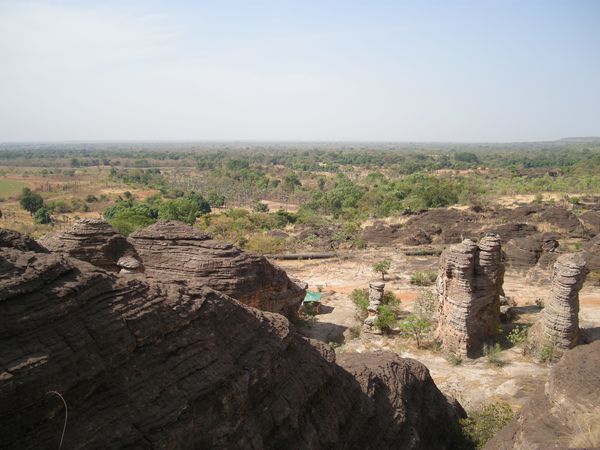 Burkina2011 73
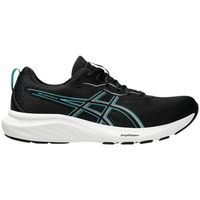 asics zapatillas de running chaussures de running gel-contend 9 technologie gelr para hombre
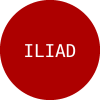 Iliad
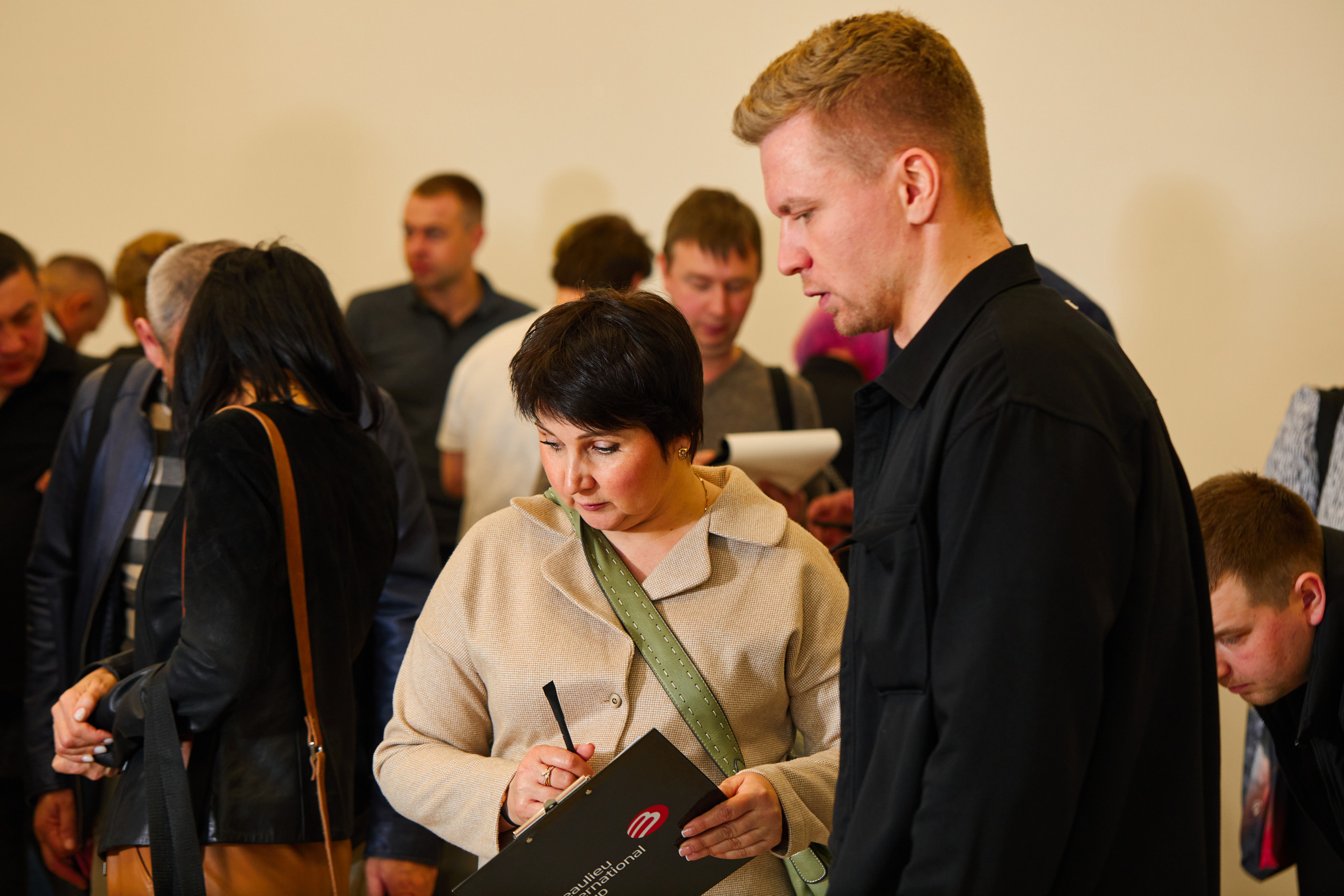 Репортажный фотограф москва, екатеринбург, репортаж,калининград,. Видеограф, фотограф Илья Новиков Москва, Екатеринбург, Калининград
------------------------------------
**Task to complete**
Please set down the whole listing exactly, apart from the pictures.

**Problem solution**
 Burkina2011 73
 asics zapatillas de running chaussures de running gel-contend 9 technologie gelr para hombre
 Iliad
 Репортажный фотограф москва, екатеринбург, репортаж,калининград,. Видеограф, фотограф Илья Новиков Москва, Екатеринбург, Калининград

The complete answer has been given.